Coperti di polvere e senza più forza, a gruppi di decine i soldati ucraini lasciano la città, chi a bordo di camion, chi a piedi. E il loro racconto all’agenzia AP è drammatico. Come drammatica è per sua natura la guerra. Il dolore per le pesanti perdite subite è atroce tra i militari, ma ancora più forti sono i crampi per la fame. Mancano cibo e acqua. I loro corpi sono provati, offesi nella dignità, come racconta un soldato, nascosto per diverse ore all’interno di un bunker e nell’impossibilità di andare al bagno. Le ‘ferite’ del corpo si assommano a quelle dello spirito.

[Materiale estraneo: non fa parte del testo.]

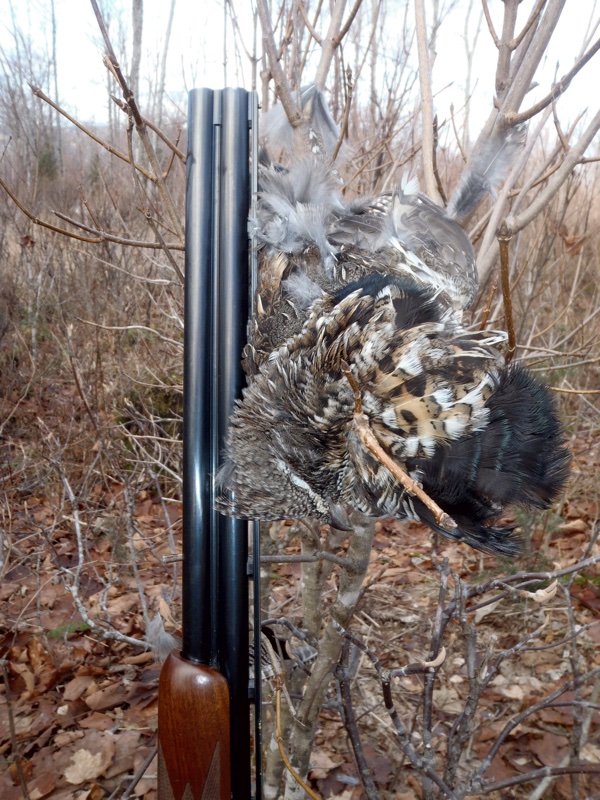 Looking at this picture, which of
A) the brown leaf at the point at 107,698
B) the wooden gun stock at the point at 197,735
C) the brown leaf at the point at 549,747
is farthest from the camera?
the brown leaf at the point at 107,698

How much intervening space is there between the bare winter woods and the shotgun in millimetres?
148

Nel ricordare la dura realtà del conflitto ai reporter tre soldati fumano nervosamente delle sigarette. Il freddo è intenso. Per riscaldarsi dal rigido inverno ucraino i soldati accettano qualche tazza di té caldo in tazze di plastica.

“Siamo molto felici di essere qui”, afferma uno di loro dallo sguardo che mostra i segni della fatica e del dolore. “Abbiamo sempre pregato e milioni di volte abbiamo detto addio alle nostre vite”. La battaglia che ha martellato Debaltsevo ha sfiancato il loro umore, e li ha segnati forse per sempre. La confusione regna totale. In molti tra quelli che stanno piegando in ritirata affermano di non avere ricevuto nessun aiuto o rinforzi dal governo e si sono dovuti muovere a piedi. Uno di loro, Nikolai, ha poi detto di non sapere effettivamente cosa stesse facendo il suo battaglione, se stesse arretrando oppure ripiegando altrove rispetto a Debaltsevo.

“Non lo so. I nostri comandanti non ci hanno detto cosa fare. Ci hanno solo comunicato di cambiare posizione perché la nostra unità era rimasta ferma per molto tempo e aveva subito pesante perdite”.    Scene di caos anche nei pressi di Vuhlehirsk, cittadina a 75 km a nord est di Donetsk, dove stazionano gruppi di ribelli, molti dei quali dicono di essere originari delle regioni orientali della Russia. Viktor Ponosov, uno di loro, racconta che le forze ucraine non avevano munizioni né cibo.

“Abbiamo sentito dire che molti soldati ucraini hanno chiamato i loro parenti e amici e hanno chiesto il loro aiuto”. L’anarchia regna sovrana, malgrado la tregua iniziata solo pochi giorni fa.